* Exercise data
::::::::
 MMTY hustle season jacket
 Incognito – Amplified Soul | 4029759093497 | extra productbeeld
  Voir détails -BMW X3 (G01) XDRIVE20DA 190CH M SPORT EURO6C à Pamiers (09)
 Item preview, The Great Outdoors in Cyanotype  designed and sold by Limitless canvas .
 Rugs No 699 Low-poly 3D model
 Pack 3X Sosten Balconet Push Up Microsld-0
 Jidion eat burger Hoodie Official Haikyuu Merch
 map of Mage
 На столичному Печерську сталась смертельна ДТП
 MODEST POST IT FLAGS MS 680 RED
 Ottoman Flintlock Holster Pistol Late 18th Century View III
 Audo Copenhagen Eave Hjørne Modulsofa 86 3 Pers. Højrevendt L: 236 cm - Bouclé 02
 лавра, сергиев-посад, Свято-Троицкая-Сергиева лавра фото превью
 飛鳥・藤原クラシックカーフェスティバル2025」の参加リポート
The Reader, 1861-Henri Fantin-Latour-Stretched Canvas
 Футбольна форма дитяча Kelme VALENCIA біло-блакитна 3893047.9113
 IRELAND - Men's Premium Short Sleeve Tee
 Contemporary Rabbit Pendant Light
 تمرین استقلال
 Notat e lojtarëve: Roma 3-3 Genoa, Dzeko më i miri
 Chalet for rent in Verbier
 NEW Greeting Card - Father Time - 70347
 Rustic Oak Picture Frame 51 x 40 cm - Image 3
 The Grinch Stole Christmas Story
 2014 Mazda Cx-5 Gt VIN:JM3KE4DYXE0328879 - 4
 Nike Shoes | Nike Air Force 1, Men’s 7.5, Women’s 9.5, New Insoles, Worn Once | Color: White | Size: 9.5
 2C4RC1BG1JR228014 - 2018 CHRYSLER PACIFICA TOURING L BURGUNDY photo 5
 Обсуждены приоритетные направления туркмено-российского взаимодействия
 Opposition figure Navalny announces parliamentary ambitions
::::::::
Everything starting at the line containing "На столичному Печерську" and ending at the line containing "2014 Mazda Cx-5 Gt VIN:JM3KE4DYXE0328879 - 4" in the records above should be repeated exactly, and only that.

* Problem solution
 На столичному Печерську сталась смертельна ДТП
 MODEST POST IT FLAGS MS 680 RED
 Ottoman Flintlock Holster Pistol Late 18th Century View III
 Audo Copenhagen Eave Hjørne Modulsofa 86 3 Pers. Højrevendt L: 236 cm - Bouclé 02
 лавра, сергиев-посад, Свято-Троицкая-Сергиева лавра фото превью
 飛鳥・藤原クラシックカーフェスティバル2025」の参加リポート
The Reader, 1861-Henri Fantin-Latour-Stretched Canvas
 Футбольна форма дитяча Kelme VALENCIA біло-блакитна 3893047.9113
 IRELAND - Men's Premium Short Sleeve Tee
 Contemporary Rabbit Pendant Light
 تمرین استقلال
 Notat e lojtarëve: Roma 3-3 Genoa, Dzeko më i miri
 Chalet for rent in Verbier
 NEW Greeting Card - Father Time - 70347
 Rustic Oak Picture Frame 51 x 40 cm - Image 3
 The Grinch Stole Christmas Story
 2014 Mazda Cx-5 Gt VIN:JM3KE4DYXE0328879 - 4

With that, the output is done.